Moving wall simulations with MPI_Allreduce error.

Dear All,

I met a problem in my simulation in which a wall is moving downward together with a block. My complete input file is too long and I narrow down the problem into these following lines:

variable dx equal xcm(top_block,z)-60.541393 ##### displacement of top block

region hileftwall block INF -55.0 INF INF 53.0 INF units box side out move NULL NULL v_dx
region hirightwall block 55.0 INF INF INF 53.0 INF units box side out move NULL NULL v_dx

I got the error message:

[node16:4566] *** An error occurred in MPI_Allreduce
[node16:4566] *** on communicator MPI_COMM_WORLD
[node16:4566] *** MPI_ERR_TRUNCATE: message truncated
[node16:4566] *** MPI_ERRORS_ARE_FATAL (your MPI job will now abort)

Dear All,

I met a problem in my simulation in which a wall is moving downward together with a block.
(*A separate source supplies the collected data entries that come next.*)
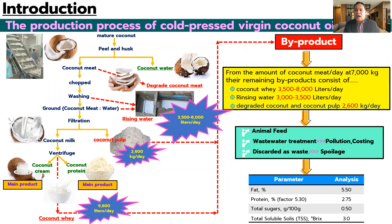In fact, byproduct from our manufacturing process has very high nutritional value that can be used as a raw material and utilized to make new innovative food health products by using food science technology to add value.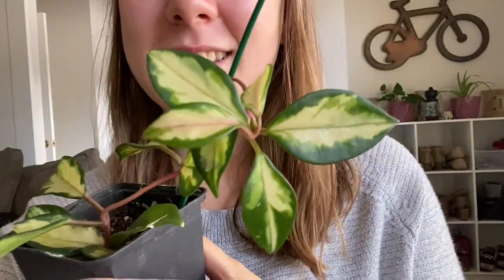Plant number two is this Hoya crimson princess. You can see how beautiful the leaves are with the pink stem. I need to fix the trellis — it's a bit sideways. I call this a little bit harder because it can be tempting to overwater. Hoyas like to be very dry in between waterings — that's how they stay nice and happy.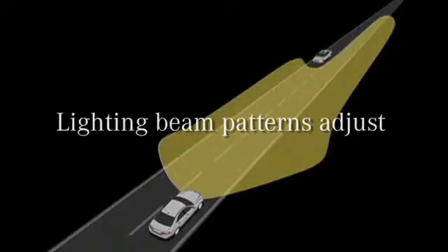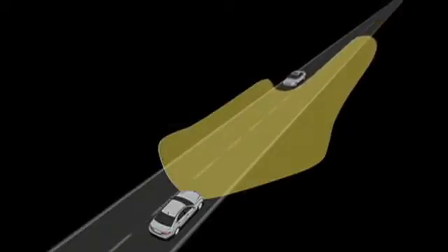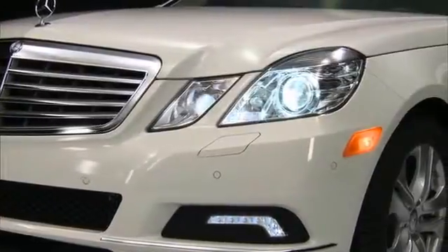It continues to vary the range of the low beam headlamps between 200 and 1,000 feet. When other vehicles are detected, the lighting beam patterns change, staying just as bright but adjusting where they shine.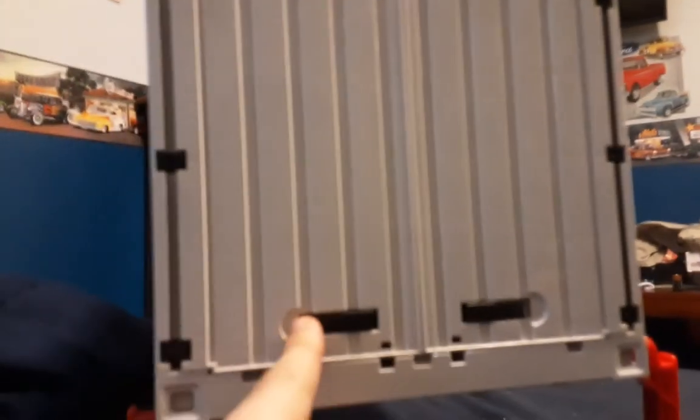This Hot Wheels car is located in this box. Let's open it and see what we find.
My complete input file is too long and I narrow down the problem into these following lines:

variable dx equal xcm(top_block,z)-60.541393 ##### displacement of top block

region hileftwall block INF -55.0 INF INF 53.0 INF units box side out move NULL NULL v_dx
region hirightwall block 55.0 INF INF INF 53.0 INF units box side out move NULL NULL v_dx

I got the error message:
[node16:4566] *** An error occurred in MPI_Allreduce
[node16:4566] *** on communicator MPI_COMM_WORLD
[node16:4566] *** MPI_ERR_TRUNCATE: message truncated
[node16:4566] *** MPI_ERRORS_ARE_FATAL (your MPI job will now abort)

mpirun has exited due to process rank 7 with PID 4573 on
node node16 exiting without calling “finalize”. This may
have caused other processes in the application to be
terminated by signals sent by mpirun (as reported here).

[node16:04565] 3 more processes have sent help message help-mpi-errors.txt / mpi_errors_are_fatal
[node16:04565] Set MCA parameter “orte_base_help_aggregate” to 0 to see all help / error messages

I have tried several ways:

  1. Using single CPU (serial executable) cause no problem.
  2. Both 2014-02-01 version and current 2014-04-05 version cause this problem since I noticed someone here mentioned this problem several days ago and the bug might be fixed in the most current version. It seems not.
  3. The movement of the wall depends on the displacement of the top block. If I assign a simple mathematical function like ramp function, there is no this error message,

Any suggestions and advice are appreciated.

Please try build a small test case (does not have to be physically meaningful) that reproduces the issue and post it here.

Thanks,

Axel

Hi, Axel,

Thank you for your reply!

I simplify my simulation with this input file:

Begin

3d ideal wall move with semi-spherical-tip

units real
dimension 3
boundary p p p
atom_style atomic

Set Up Simulation Box

region box block -500.0 500.0 -500.0 500.0 -500.0 500.0 units box
create_box 1 box

Tip Section

lattice fcc 5.4051 orient x 1 -1 0 orient y 1 1 -2 orient z 1 1 1

define region

region sphere sphere 0.0 0.0 100.0 50.0 units box
region bottom_box block INF INF INF INF INF 100.0 units box
region fixed block INF INF INF INF 80.0 100.0 units box
region mobile block INF INF INF INF INF 80.0 units box

region tip intersect 2 sphere bottom_box
region tip-fixed intersect 2 sphere fixed
region tip-mobile intersect 2 sphere mobile

create_atoms 1 region tip

define groups

group tip region tip
group tip-mobile region tip-mobile
group tip-fixed region tip-fixed

Mass

mass 1 40.0

pair potentials

pair_style eam/alloy

pair_coeff * * Au-Grochola-JCP05.eam.alloy Au

pair_style lj/cut 8.5125
pair_coeff 1 1 0.23805 3.405 8.5125

temp controllers

compute new1 tip-mobile temp

define variables

variable tip_fixed_xx equal xcm(tip-fixed,x)
variable tip_fixed_xy equal xcm(tip-fixed,y)
variable tip_fixed_xz equal xcm(tip-fixed,z)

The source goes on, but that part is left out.